Catch 22 will remind you of Parcheesi, which, as everyone knows, is a derivative of the ancient Indian game Pachisi, which has only a little to do with why this game is so darn much fun. The Pachisi-likeness of it all has something to do with the fun - it makes the game feel familiar and that much easier to learn. But let me tell you right now, what we got here is as much like Pachisi as chess.

Yes, there's a bunch of plastic pawns, but you get only one. And there's a die - only one. And there's a board with a track on it - only the track is much more complex. And then there's this bunch of plastic blocks - 5 for each player. And a big bunch of little plastic poker chips. And that, equipment-wise, is basically it.

But the game itself is far more than a race. It's a vendetta.

See, you roll a die and hope that eventually you land on a space with some chips on it. So you can get those chips. Which is cool.

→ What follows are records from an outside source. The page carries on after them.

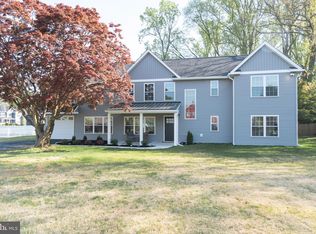 719 Norfolk Rd, Jenkintown, PA 19046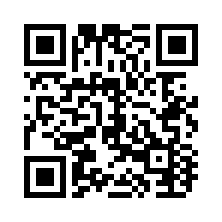 QR Code for 18mR7Eff4Ru7DSRwm3XcL6frkdBifskpTD
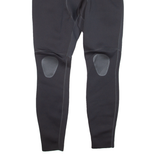 ITIWIT Diving Mens Trousers Grey Slim Skinny W30 L29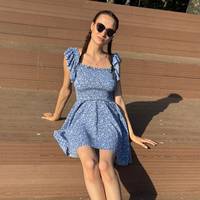 TikTok Account Photo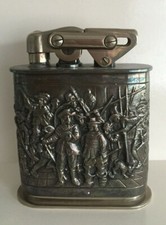 Riginal karl wieden gebraucht kaufen  Solingen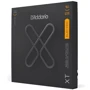 Струна для гитар Струны D`ADDARIO XTB50105 XT Bass Medium 50-105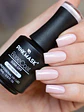 Rubber Base Coat Pink Mask (color) - Miniatura 3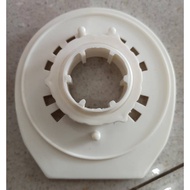 Maspion fan Coper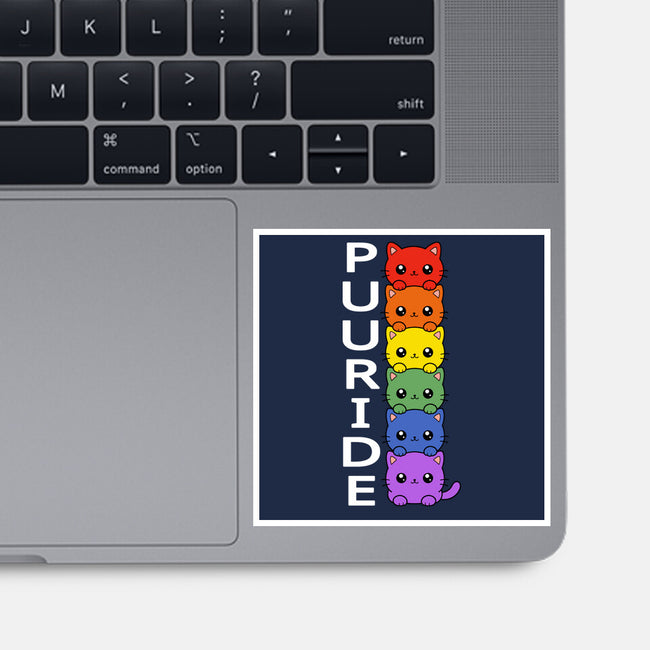 Puuride-None-Glossy-Sticker-fanfabio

And then, once you get enough of them, you try to find the closest open path to one of the finish squares. So you can win. Except if anyone lands on you, that person gets your chips. Which means as soon as you have enough chips, suddenly you're everybody's meat, if you know what I mean. Oh, yes, people can also put their little plastic cubes in your way. And just when you're getting close to the goal, and around all those blocks, there's the possibility that someone will switch places with you and send you somewhere you really don't want to be. And then someone else might pounce on you. And then you can join everyone else trying to steal that guy's gold.

There's a lot more strategy than chance. Way more strategy than you need to keep the game interesting. And just enough chance to keep the game fun. The sudden shifts in fortune make winning unpredictable, and can keep the game going for an hour or more, even though you spent maybe ten minutes figuring out how to play it.

Catch 22 is an ingenious race and chase game, most Major FUN Award-worthy.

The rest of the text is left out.